When we started five years ago, we faced similar questions. We spent a lot
of time studying
- what the average student knows
- how C++ fails high school students of all ability levels
(you must be able to articulate this point effectively!)
- what teachers need to translate our knowledge into the classroom
- how to attracte and (re)train teachers
(there are highly committed individuals out there who earn far less than
any of us but who dedicate themselves and are as capable as we are).
Then we carefully built the program: the languages (yes, you will need more
than one), the environment (no, a professional IDE or emacs aren't enough),
the curriculum, the workshops (you need to use the teachers who are out
there; it's all you got; don't yell at them), the follow-up support (web
pages, mailing lists, etc), and a few more things that I am forgetting now.

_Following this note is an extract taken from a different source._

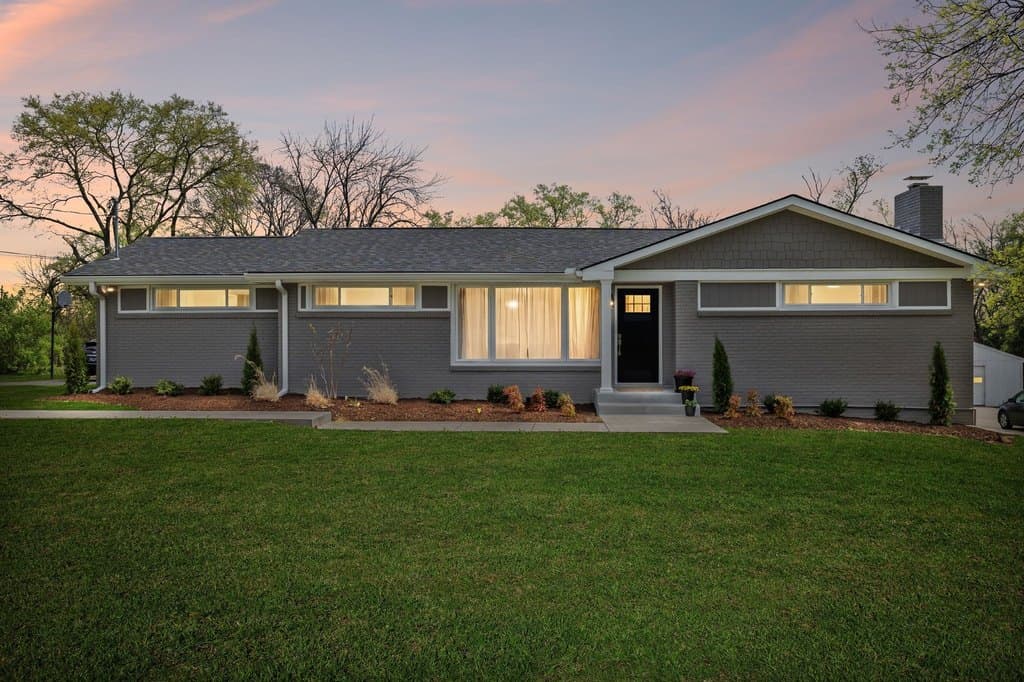 207 Donna Dr, Madison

If you wish to inspect the details in person, see
http://www.cs.rice.edu/CS/PLT/Teaching/
The Web tree contains only the positive results, not the negative ones, but
it's a start if you wish to understand how we got to train our first 100
teachers.
It takes time, patience, energy, and a lot of it. But the goal of wrestling
the high school teaching away from the C++ establishment is worthwhile.